Dyches- McFadin House | Williamson County Texas | c. 1850
In 1828, 12-year-old David Hutcheson McFadin moved from Montgomery, Tennessee to Liberty County, Texas. From a very young age, he worked in the cattle stock business until 1836 when he enlisted to fight in the Texas Revolution. In 1838, he married Jerusha Dyches and they began to grow their family here on this property.
David and his family were some of the earliest white settlers in this area and he served as sheriff of his county. He was also elected to the first group of county commissioners in 1848, a position he held the position for 12 years.
As his family began to expand, so did their need for more space, so in 1850, construction started on this impressive home. Built of native stone quarried on-site, this home has 27” thick walls and backs up to a cool, perpetual creek. In 1859, David built a mill near this home that became the first in the town.

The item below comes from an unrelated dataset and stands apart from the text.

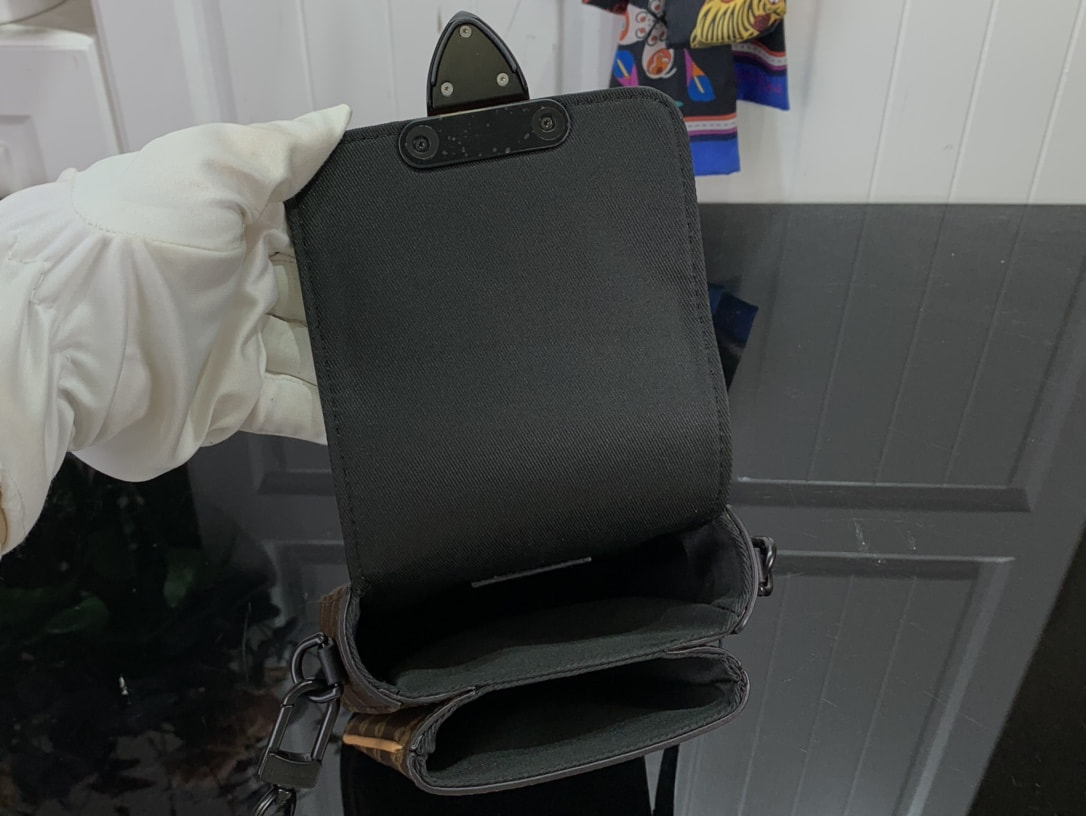 L0vis Vvtt0n S-Lock Vertical Wearable Wallet Brown For Men 19cm/ 7.5 in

The McFadin’s would have at least 6 children, the second oldest being William who had been born in 1841. Although David opposed secession and took no part in the Civil War, his children had different feelings about it and at the outbreak of war, a 20-year-old William left to join the Confederate Army. In a bizarre twist of events, he never showed up in any Texas military records and no reports or signs of him were ever found.
His mother, Jerusha, desperate for her son to return home, reportedly kept a candle burning in the upstairs window in hopes that it would help guide him home one day. According to family legend, she continued to burn that candle every night until her death, 18 years later in 1880.
Upon her death, David was left with 3 children and undoubtedly needed a woman at home to help raise his family so in 1881, he remarried to Mrs. Cordelia Armstrong, a widow. David McFadin passed away here on August 7, 1896.